Records from a data source:
━━━━━━━━

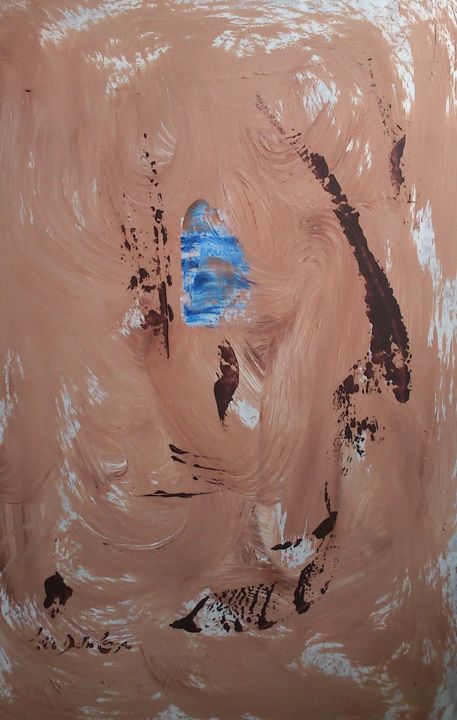 Painting titled "Place" by Gisèle Dalla Longa, Original Artwork, Acrylic Mounted on Wood Panel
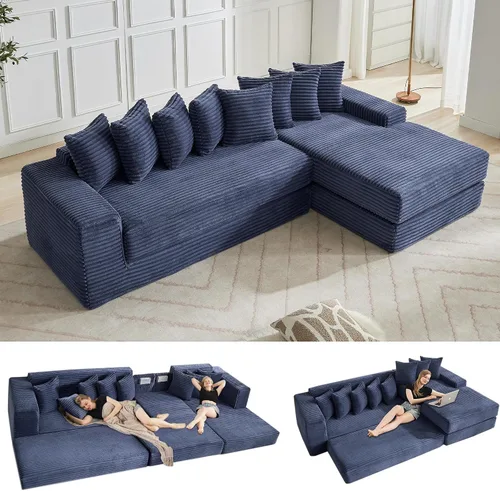 Miniatura 29 de Sofá modular moderno de 111 pulgadas, sofá de pana en forma de L con diván izquierdo, salón extra ancho, 8 almohadas, juego de sofá esquinero
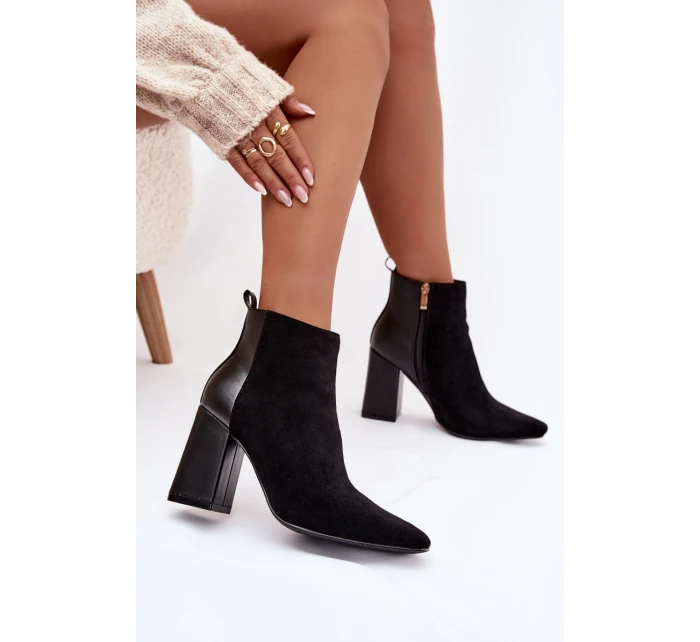 Dámské zateplené botky na sloupku – černé Maloria Dámské zateplené botky na sloupku – černé Maloria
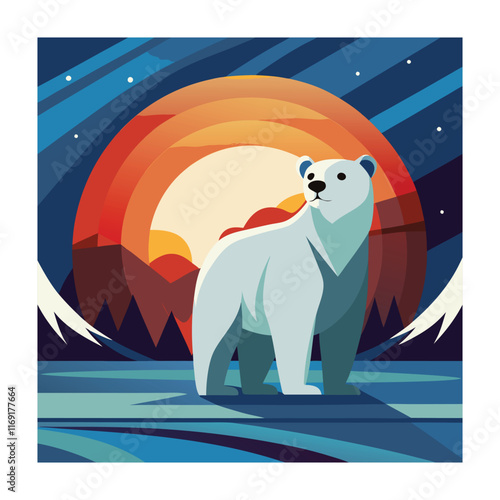 Polar bear animals vector on white background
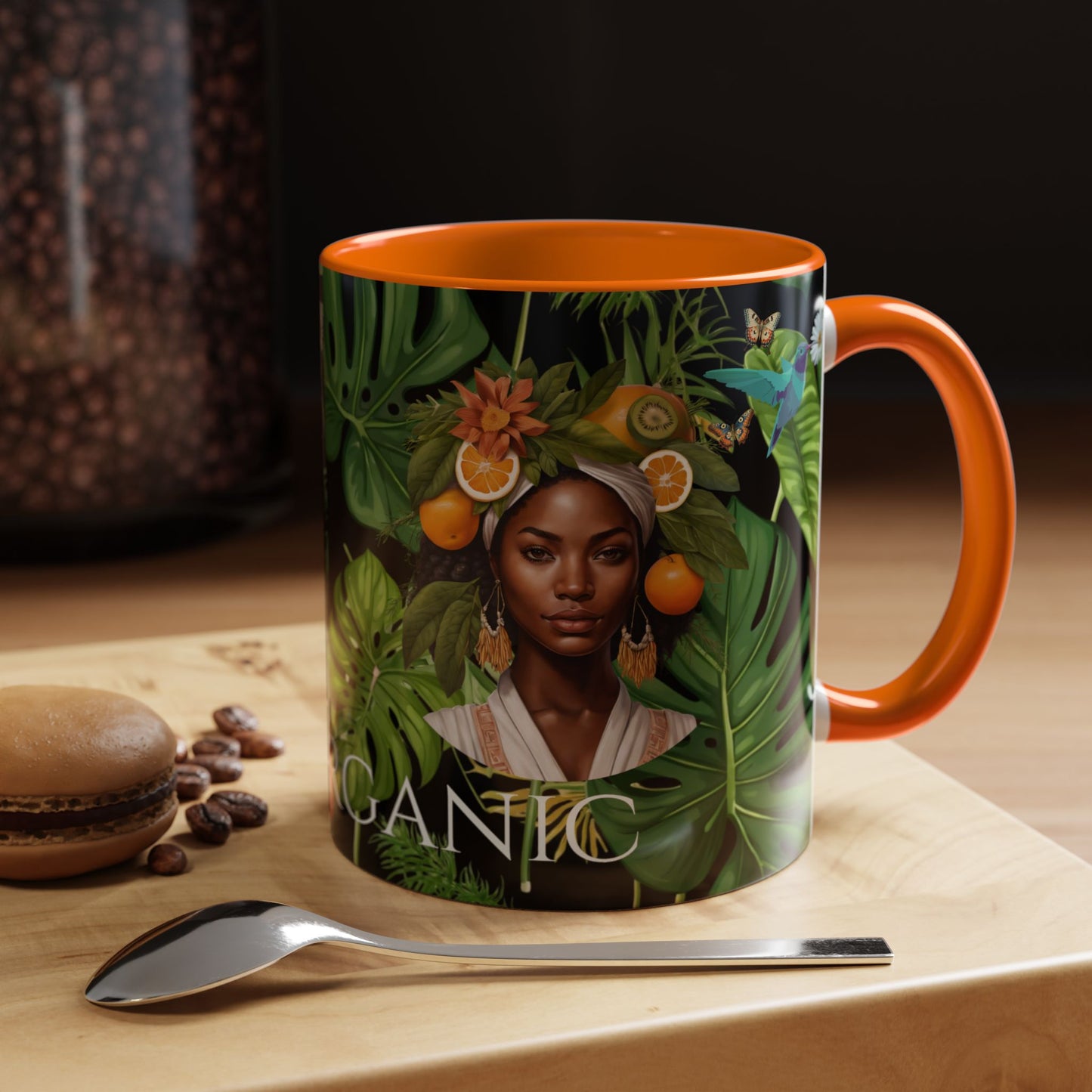 100% Organic Black Jungle Plant Garden Vegan Ceramic Plant Mug with (11oz) 8 Color Combos Double-Side Design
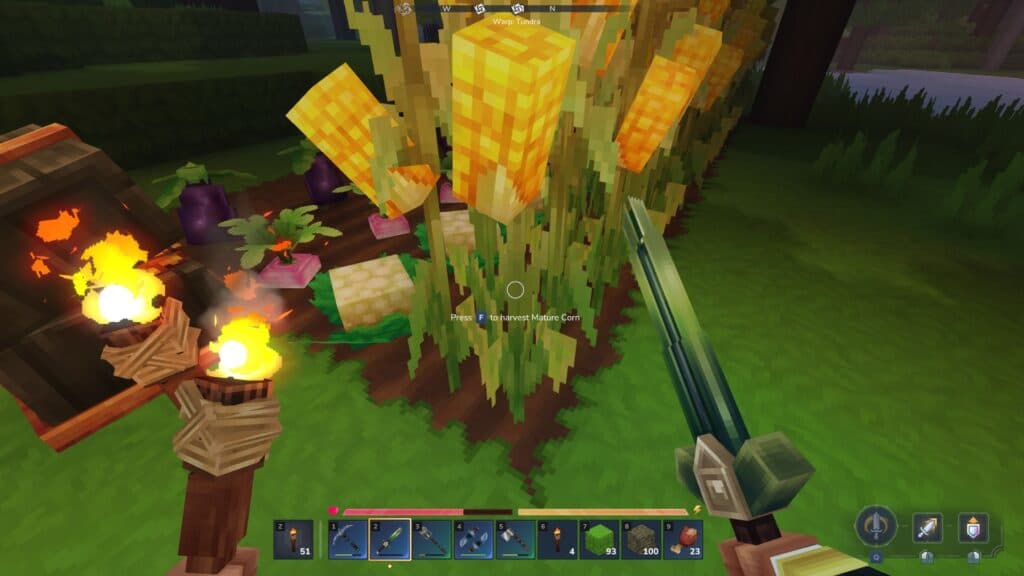 You won't accidentally break eternal crops with weapon swings. (Screenshot via esports.gg)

━━━━━━━━

Problem to work on:
Output every line of the records above unchanged, and keep the pictures out.

Reply:
 Painting titled "Place" by Gisèle Dalla Longa, Original Artwork, Acrylic Mounted on Wood Panel
 Miniatura 29 de Sofá modular moderno de 111 pulgadas, sofá de pana en forma de L con diván izquierdo, salón extra ancho, 8 almohadas, juego de sofá esquinero
 Dámské zateplené botky na sloupku – černé Maloria Dámské zateplené botky na sloupku – černé Maloria
 Polar bear animals vector on white background
 100% Organic Black Jungle Plant Garden Vegan Ceramic Plant Mug with (11oz) 8 Color Combos Double-Side Design
 You won't accidentally break eternal crops with weapon swings. (Screenshot via esports.gg)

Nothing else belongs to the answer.